Wednesday, 11 January 2012


I woke up this morning thinking about Jennifer Byrne's interview with Christopher Hitchens, which was recently re-screened on Australian television after his death. Although most of the interview was very interesting, one line that Hitchens said caught my attention and made the rest of the interview pale in comparison. He said that for him, one of the reasons why certain authors have a gift that others do not is bound up with music. I'm not sure what exactly he meant by this, but the way I instinctively responded to it may have little to do with what he was actually saying, and more to do with how I chose to interpret it.

Music for me encapsulates what I can't write about. It reminds me of a moment I had with a class of students a few years back where one girl asked the class to describe what jasmine smells like. The normally talkative class became silent. We tried to explain to her, but our words failed us. Certain things are beyond words. I get a similar feeling of blocked articulation whenever I listen to music, particularly classical music and my favourite, Chopin.

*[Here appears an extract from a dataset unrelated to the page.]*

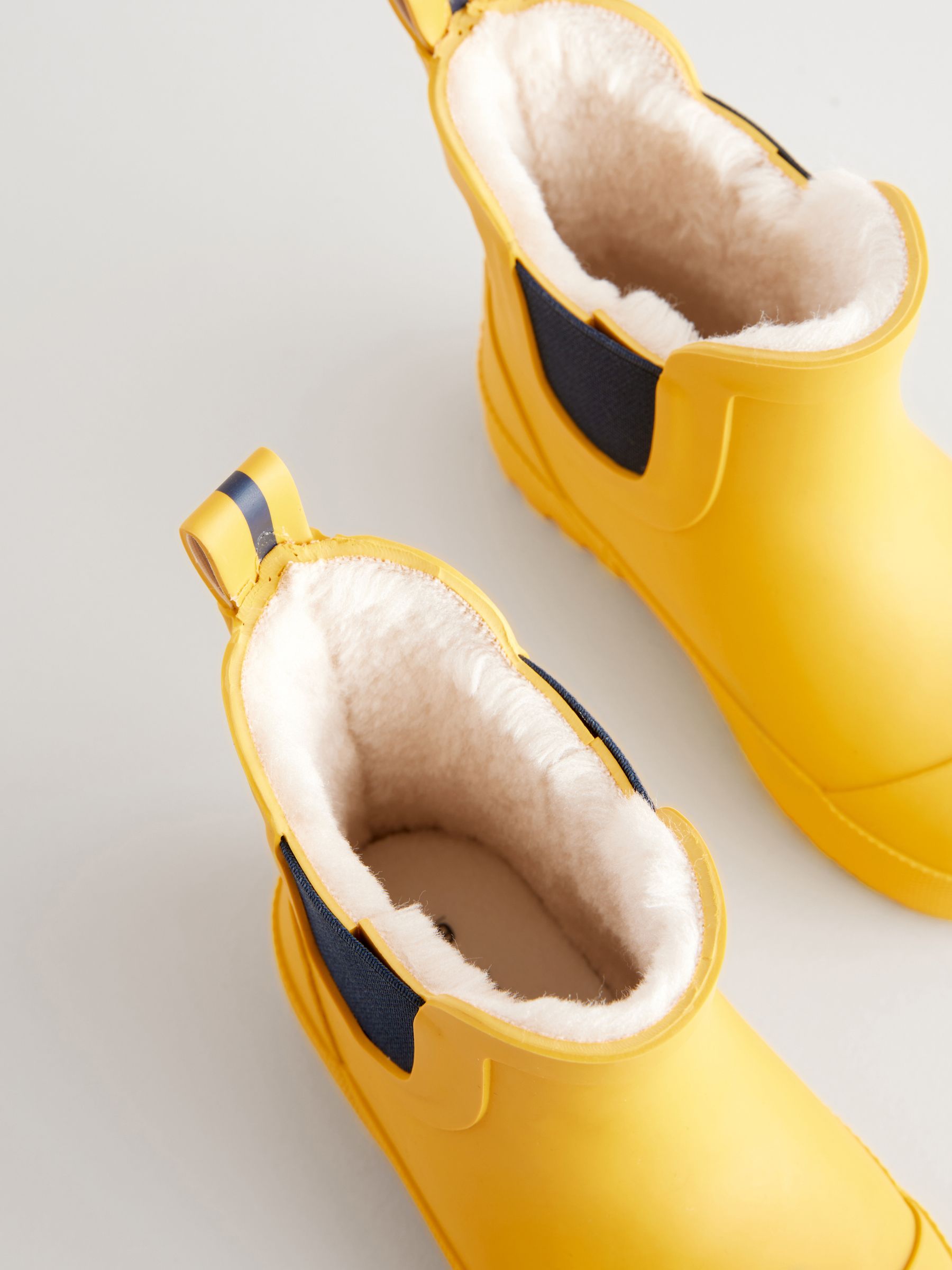 Yellow Warm Lined Ankle Wellies image 4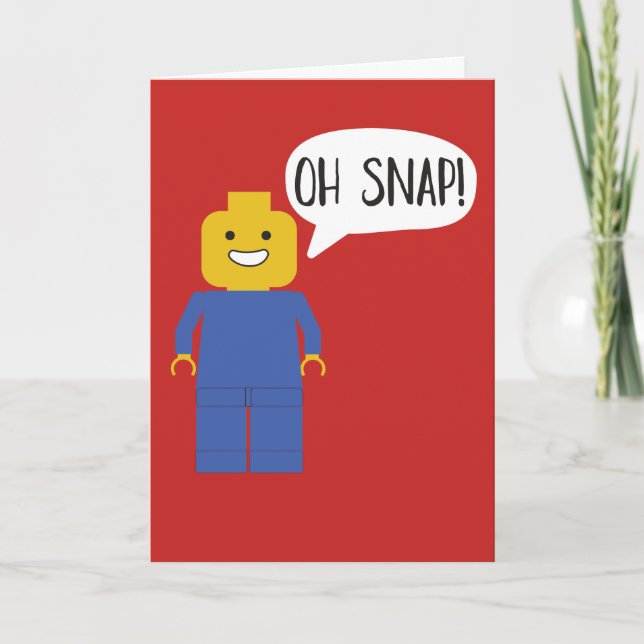 Figure en briques de construction Carte d'annivers (Devant)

I used to find this frustrating, I used to take it as a sign that I'm just not a good enough writer. And I may not be a good enough writer, but that's probably not the point. The point is, maybe I'm supposed to skirt around the edges of this music, rather than fully penetrate it or understand it. In fact, some of the most prolific and enjoyable writing I've produced is ironically about the things I cannot write about.

I personally think this is why we write about love so much. Not simply because it's a fairly universal topic, but also because it's a feeling that cannot be expressed in words, but yet still compels expression. Rather than fully articulating the experience of love and desire, we skirt around its edges, we create many metaphors to probe around it, and we ultimately fail. But in failing, we produce some of the best literature.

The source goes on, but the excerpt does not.